On second thought, your main problem is that not every vertex is connected to the same number of vertices. So you can’t create the 3D cube structure you probably want.

I can help you more if you tell me for what you need that data.

I’m making a custom cloth simulator because I need some functionality the current one doesn’t have. It needs to be python because we’re integrating a lot of python tools into the process
Doing this with python is especially difficult because of speed. I’m getting around this with anaconda/numbapro/autojit/accelerate and by doing as much of the math as I can in the form of: list_a * list_b - list_c with numpy arrays. I’m testing the speed of almost every line as I go.

The biggest bottleneck I’m running into is in generating the arrays. The line I posted above is for getting the spring lengths. It needs to contain the distance to each connected vertex for each vertex. because some verts have more connected verts than others, I’m keeping track of the connected verts inside a multidimensional list. I was able to get a big speedup by generating a list of indices inside a multidimensional list. Each element in the list contains the indices of the connected verts for one vert and there is an element for every vert. I only have to generate that list once then I can update it with a list comp on each frame.


ob_verts = bpy.context.object.data.vertices

link_idx = np.array([[[ve.index for ve in ed.verts if ve.index != v.index] for ed in v.link_edges] for v in obm.verts])
    
stretch = [np.linalg.norm(np.array(ob_verts[i].co) - np.array(ob_verts[h].co)) for i, j in
                enumerate(link_idx) for h in j]

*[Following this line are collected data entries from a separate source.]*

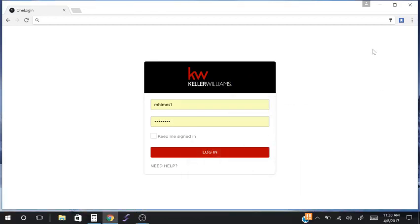This video will help people use the Career Growth Initiative calculator as they implement the Career Growth Initiative into their business. The objective of this video is to show you how to log in to the calculator, how to enter your goals, and how to update your listing appointments in the Career Growth Initiative dashboard.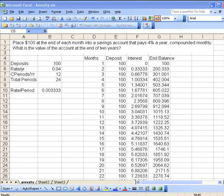Hi. Welcome back to the Finite Math Podcast. Today we want to continue the discussion of an increasing annuity.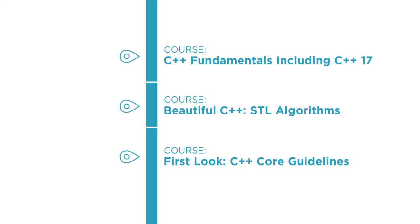I hope you'll join me on this journey to learn C++ with the Learn to Program with C++ course at Pluralsight. Thank you.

When I run the code with 200k triangles it takes around .2 seconds after the first frame. There are ways to generate arrays that are much faster but I’m not sure how to get the dimensions without losing speed.
Any comments are appreciated. If nothing else it’s nice to be able to discuss it with someone.
Thanks!

What I think you don’t get yet is that every element of “link_co” is a “Vector” instance, which is a mathutils type, not a numpy one.

My suggestions:

  • Copy the vertices and all the other geometry information into numpy arrays of dtype float (and the exact type does matter for performance!), and keep them there…
  • At the s
    tart of a simulation, make a list of springs in terms of vertex indices, so for every vertex a row of vertice indices to subtract from it. Not all vertices have the same number of edges, so you would need to fill the rest of the row with the current vertex index (so the difference is 0 later).
  • to create the deltas, index with the indices like verts_array[springs[0,:]] - verts_array[springs[1,:]]

That kind of indexing and multiplication is what Numba is best at. But: Seriously consider Cython if you just can’t stop thinking about loops. Especially if you think your vectorized incantations allocate tons of big intermediate arrays. It may be better to have O(n²) Cython loops than juggling around O(n²) sized memory allocations.

If you are doing these edge lookups using blender’s mesh apis, you are essentially dissecting “linked list/tree” like structures in the worst way possible. Accessing property lists, arrays, and whatever almost always involves copying memory or additional loops and using the CPython API itself.

The code examples are just for illustration… I don’t currently feel like trying it out :wink:

And I forgot to add: Edge indices should be kept in arrays of dtype int … probably int32 or int64.

Thanks for the info Bayesian,

I’ve been able to pull off some pretty complex code but I’m still new at it. I will take your advice to heart.
I do understand mathutils types versus numpy arrays but I’m sure there are several ways I could do the math and it might be faster in some cases to avoid converting to numpy arrays since I already have mathutils types.

I suspected but I wasn’t aware that specifying the dtype could affect performance. Thanks for that tip.

I like your suggestion to add elements to the array that have zero effect for the verts with fewer edges. This will simplify the code significantly and might actually be necessary for sending the functions to the cuda grid anyway.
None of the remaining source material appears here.